Sixty-six primers were initially screened and, of these, 30 were selected (Table 2) for amplification reactions for exhibiting polymorphism, consisting of 15 SSR markers from the HSY region (Yh chromosome) and 15 SSR markers covering autosomal regions of the papaya genome, previously reported by Na et al. (2012) and Eustice et al. (2008), respectively. Reactions were performed in a final volume of 13 µL containing 1× Taq Buffer (NH4)2SO4, 0.2 mM dNTP, 1.9 mM MgCl2, 0.2 mM primer (F + R), 10 ng DNA, and 0.6 U Taq DNA polymerase.

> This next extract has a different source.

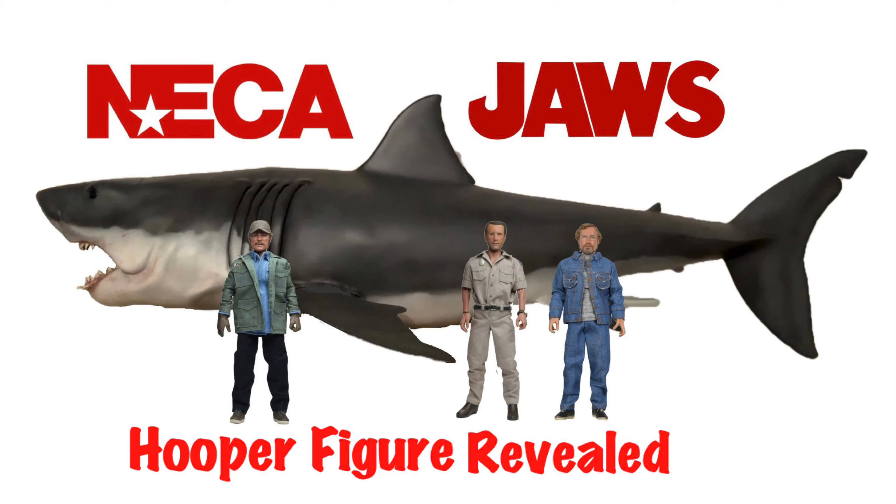Hey everybody, yesterday NECA revealed their Matt Hooper figure from Jaws, so we're going to take a look at the figure and just kind of look at the possibility of what a complete figure line could look like from NECA. So stick around.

Table 2 List of the polymorphic loci used in the molecular analysis of the genotypes under investigation, with respective sequences, linkage groups (LG), and annealing temperatures (AT)

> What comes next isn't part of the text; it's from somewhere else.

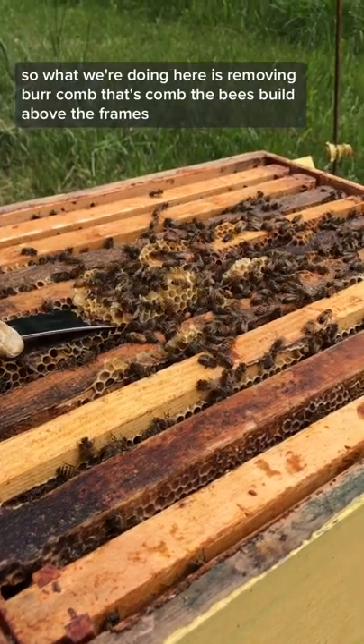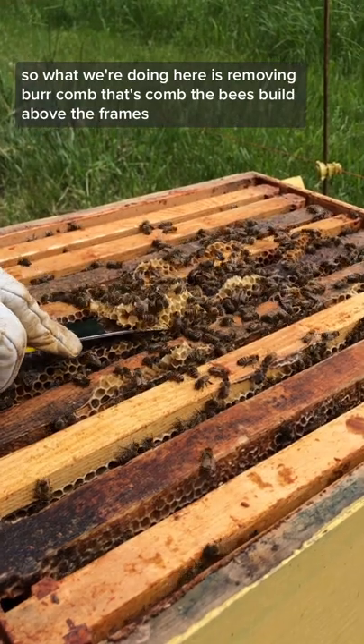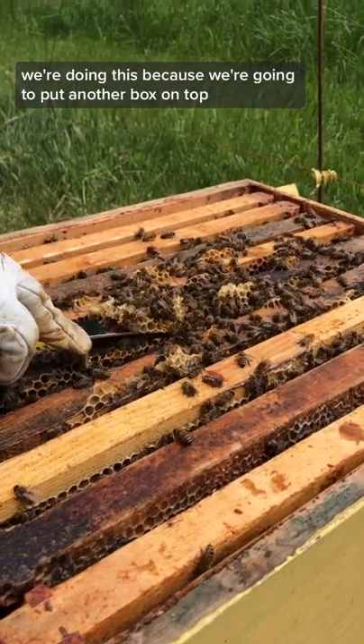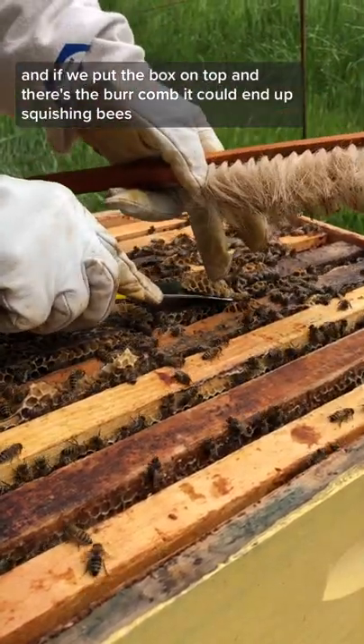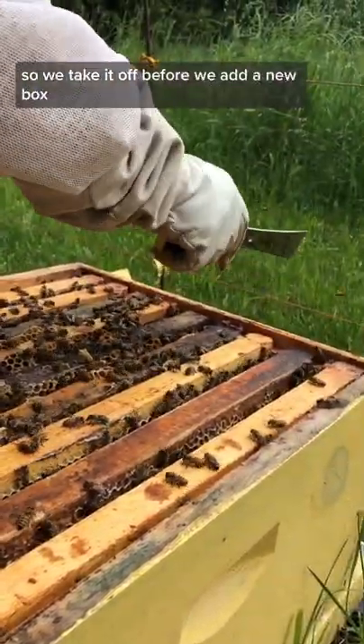So what we're doing here is removing burr comb. That's comb the bees build above the frames. We're doing this because we're going to put another box on top, and if we put the box on top with the burr comb it could end up squishing bees. So we take it off before we add a new box.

In the second stage, we used male-specific marker PMSM1, which amplifies 585 pb fragments in male plants and XY-to-XYh sex-reversed plants (Liao et al. 2017); male/hermaphrodite-specific marker W11, with 792 pb (Deputy et al. 2002); and 1000 pb autosomal DNA marker 71E, used as control for amplifying in all sex types (Table 2). Multiplex PCR reactions were carried out in a final volume of 13 µL containing 1× Taq Buffer (NH4)2SO4, 0.2 mM dNTP, 1.9 mM MgCl2, 0.2 mM of each primer (F + R), 10 ng DNA, and 0.6 U Taq DNA polymerase.

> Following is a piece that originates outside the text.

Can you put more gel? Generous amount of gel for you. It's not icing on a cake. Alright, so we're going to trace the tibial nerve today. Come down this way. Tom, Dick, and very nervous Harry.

DNA amplifications were performed in a gradient thermocycler (Applied Biosystems) according to the following program: one cycle at 95 °C for 5 min for initial DNA denaturation followed by 35 cycles at 94 °C for 1 min for denaturation, 1 min at the ideal temperature (°C) for primer annealing (specific for each primer) (Table 2), and 3 min at 72 °C for primer extension. Subsequently, a 7-min cycle at 72 °C was run for the final extension followed by a reduction to 4 °C at the end of amplification. After being stained with the mixture of Gel Red and Blue Juice (1:1), amplification products were separated by 4% agarose gel electrophoresis, subjected to 0.30 A for a period of 3–5 h. Thereafter, the images were captured by the MiniBis Pro gel documentation system (Bio Imaging Systems). Polymorphic loci were subjected to statistical analyses.

Statistical analysis

Data obtained from the amplification of microsatellite loci were converted to a number code for each allele in the locus. For example, if the locus presented three alleles, the representation was 11, 22 and 33 to homozygous forms (A1A1, A2A2 and A3A3) and 12, 13 and 23 to heterozygous forms (A1A2, A1A3, and A2A3). Which was used to obtain the genetic dissimilarity matrix by the Weighted Index, using Genes software (Cruz 2013). Cluster analysis by the UPGMA (Unweighted Pair Group Method with Arithmetic Mean Analysis) method was performed by R software using the package cluster/rect.hclust (Development Core Team 2011); a two-dimensional scatter plot based on the Principal Coordinate Analysis (PCoA) method was generated using GenAlex 6 software (Peakall and Smouse 2006); and the observed heterozygosity (Ho) and inbreeding coefficient (f) were estimated using PowerMarker software version 3.25 (Liu and Muse 2005).